If you have been trying to harness the power of data science and machine learning —but, like many teams, struggling to produce results— there’s a secret you are missing out on. Building models and extracting sophisticated insights requires lots of good data, and the best way to get good data quickly is by using DataOps.
What is DataOps? It’s a way of thinking about how an organization deals with data and a set of tools to automate processes and empower individuals. And, in order to make this philosophy real in your organization, it may mean you need a new DataOps Engineer role to design, manage, and build those tools.
DataOps was inspired by DevOps, which brought the power of agile development to operations, which refers to infrastructure management and production deployment more specifically. DevOps revolutionized software development, and now DataOps is transforming data management.
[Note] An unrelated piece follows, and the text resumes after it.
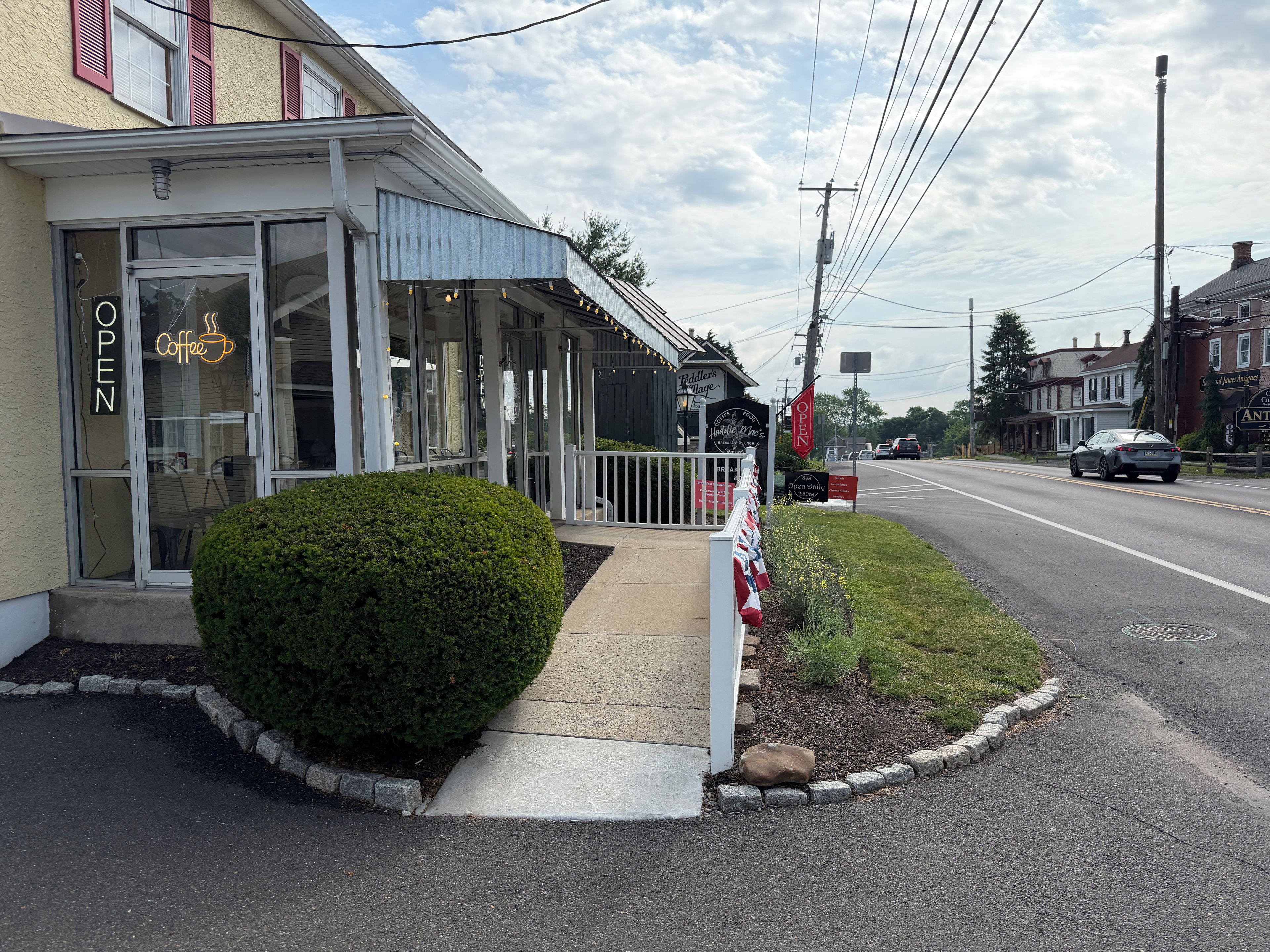 A storefront with a neon sign, a sidewalk, a small hedge, and a street with vehicles.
For larger enterprises with a dedicated data engineering team, DataOps is about breaking down barriers and re-aligning priorities. For smaller startup teams like ours, DataOps enables tackling large and complex data problems that previously were beyond our reach.
There have been some other takes on the principles that make up DataOps, but this is our list:
- Self-Service Data Over Data Requests
- Autonomation Over Manual Processes
- Frequent Small Changes Over Infrequent Large Changes
- Reproducibility at All Levels
- Data Scientists/Analysts and DataOps Engineers Must be on the Same Team
- Value From Data is the Primary Measure of Progress
- Continuous Attention to Technical Excellence and Good Design
- Simplicity As a Design Requirement
- The Best Architectures, Requirements, and Designs Emerge From Self-Organizing Teams
Self-Service Data Over Data Requests
This is one of the key distinctions between data engineering and DataOps.
If it’s someone’s job to write a new SQL query or download data from external systems to handle all data requests, your team is headed in the wrong direction. That’s because the person in this role will quickly become frustrated by the repetitive nature of those requests and overwhelmed by the large number of “high priority” requests. And, the stakeholders who need that data will be frustrated by the amount of time their requests spend in queues. Eventually each new problem will be met with fewer questions and even fewer answers. Bureaucracy and red tape are often stacked on top of this process, which naturally makes it even more painful.
A data platform that allows data scientists and analysts to run their own queries off of the source data and build their own reusable data transformations and views is a necessity. Many business intelligence tools can turn queries into reusable data sets. For example, Looker has persistent derived tables. Data warehouses like Snowflake support the creation of derived views. Finally, big data systems like Spark support the creation of ad-hoc data tables sourced from data lakes. Furthermore, a variety of tools exist to aid in data discovery and schema tracking.
Letting data users efficiently create and reuse their own transformations of data unlocks a whole new level of capabilities. This takes the value of data democratization and goes beyond it to make everyone both a producer and a consumer of data. DataOps is about empowering and trusting the people who rely on data through the smarter use of modern tools.
Autonomation Over Manual Processes
Autonomation is not a misspelling of automation. It’s a specific method for thoughtfully leveraging the abilities of automation. And, it’s key to creating data processes that are reliable and scalable.
Start with manual processes like SQL queries or API pulls to understand the problem space. Next, automate the repetitive parts and start manually monitoring that automation. Finally, automate the actions taken to correct issues found via monitoring and manually check performance metrics.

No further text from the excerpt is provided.